I suspect almost all of this rests on one simple fact: a handful of writers are just that confident moral realism is true. Much of the dialectic plays out with a kind of omnipresent aura of disdain for moral antirealists.
Moral antirealists seem to be regarded as just another manifestation of the “skeptic,” the imaginary punching bag philosophers knock down as an exercise to help clarify their views. But the skeptic isn’t someone to take seriously, or to worry about too much. We’re supposed to be imaginary, at least. It’s as though realists can’t fathom any of us are serious, so they regard moral antirealists as though we’re method actors, so deep into our role as skeptics that we forgot we were just performing for their benefit.

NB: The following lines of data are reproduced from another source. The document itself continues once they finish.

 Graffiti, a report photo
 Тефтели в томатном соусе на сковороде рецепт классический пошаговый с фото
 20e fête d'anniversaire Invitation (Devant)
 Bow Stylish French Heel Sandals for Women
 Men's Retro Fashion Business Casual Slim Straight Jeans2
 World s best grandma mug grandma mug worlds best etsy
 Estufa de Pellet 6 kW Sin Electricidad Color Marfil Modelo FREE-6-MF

It’s as if we’re the philosophical equivalent of Jared Leto playing that awful version of the Joker. We’ve got a fake “nihilist” tattoo on our foreheads, and ridiculous clown makeup. But at the end of the day, we wipe all that shit off, go home, and act like everyone does: like a moral realist.
I want to challenge this self-satisfaction. I think philosophers limit too much of the ongoing disputes in the field to a host of considerations downstream of more foundational assumptions, and that if there are serious problems in the field, they are going to turn on more foundational assumptions and problems with their methods.
This isn't going to turn you into a believer or anything, but here's a loose analogy that illustrates one way of trying to defend the notion of unanalyzable (incommunicable?) normative concepts that might be at least a little more promising than direct appeals to intuition. I think physical reality is fundamental, in the sense that it has no further explanation (either a causal explanation or some kind of ontological reduction). If I were going to defend that view, I wouldn't say I can just *see* (or intuit) that physical reality can't have an explanation. I'd compare my view to rival views that try to explain physical reality (e.g., theism) or eliminate it (e.g., idealism), and try to make an overall assessment of the various views in terms of theoretical virtues like fit with the data, simplicity, etc. If my view won that overall assessment, I'd conclude that physical reality has no further explanation.
Similarly, if I were going to defend the view that normative concepts like the concept of an external reason are fundamental (in the sense of having no analysis or other explanation that gets you outside the closed loop of purportedly fundamental normative concepts), I don't think I'd claim to intuit directly that there's no further sense to be made of that concept. Instead, I'd probably take nonnaturalist realism and compare it to rival views that either offer an analysis of the concept of an external reason (or other normative concept) or eliminate that concept, and try to make an overall assessment of the views' various strengths and weakness. If nonnaturalism came out on top in that overall assessment, I'd conclude that there's nothing more to be said about the concept of an external reason.
I'm not saying that approach would result in a convincing defense of external reasons, or that it wouldn't end up relying too heavily on intuition—my guess is that intuitions would make a lot of appearances in any defense of nonnaturalism. But it seems a little better than just claiming to intuit directly that there's nothing more to be said about the concept of an external reason.
Your post suggests that a lot of this work hasn't really been done. To give this kind of defense of external reasons, nonnaturalists would have to try to articulate rival views on which the concept of a reason is analyzable (or communicable or whatever, or just absent), and maybe people are too quick to just agree with Parfit that the concept is unanalyzable without trying to analyze it first. I'd have to do more homework in metaethics to be able to say.
Great read. I share your confusion about the supposed meaning of external reasons.